Da hat das Internet doch was Gutes, da wird einem warm ums Herz.

Das Internet hat aber auch etwas Schnelles, denn es ermöglicht der Finanzbranche mittels Maschinen noch viel rascher zu handeln. Der gesamte Aktienhandel hat sich in eine inzwischen mehr oder weniger menschenfreie Zone gewandelt. Denn Menschen sind so langsam. Selbst die ausgebufftesten Schachweltmeister brauchen mehr als eine halbe Sekunde, um ihren König im Schach zu erkennen. Um wieviel mehr brauchen dann Händler, um ihre Fonds in Richtung Griechenland abrauschen zu sehen. Genau, das geht natürlich nicht. Und deshalb handeln Maschinen mit Maschinen heute Geld. Gnadenlos schnell und gnadenlos instinktlos.

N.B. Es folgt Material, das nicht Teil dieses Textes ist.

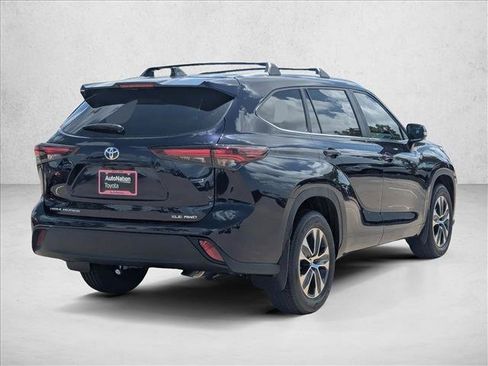 New 2026 Toyota Highlander XLE AWD/4WD image 2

Denn gehandelt wird, wie es im Algorithmus steht. Und das wird zu immer schneller hereinbrechenden Dynamiken führen, von denen immer mehr auf uns zukommen. Einfache Rechnung.

Und deshalb kann man das Tweeten nicht unbedingt den Klickdosen überlassen. Da muss man selbst ran. Und sei es nur, um eben nicht zu tweeten. Zum Beispiel darüber, dass man einen Scheisstag in der Firma hatte...nicht gut, könnte einem die Kündigung einbringen. Und solche Feinheiten können Maschinen nicht.

Die würden vielleicht in Kenia eine Dorfschlägerei auslösen, weil sie twittern: Schaf weg. 34% Wahrscheinlichkeit, dass Bauer Z. wieder klaut.

Feinfühlig wäre das nicht, auch wenn es in weniger als einer halben Sekunde auf dem Netz wäre.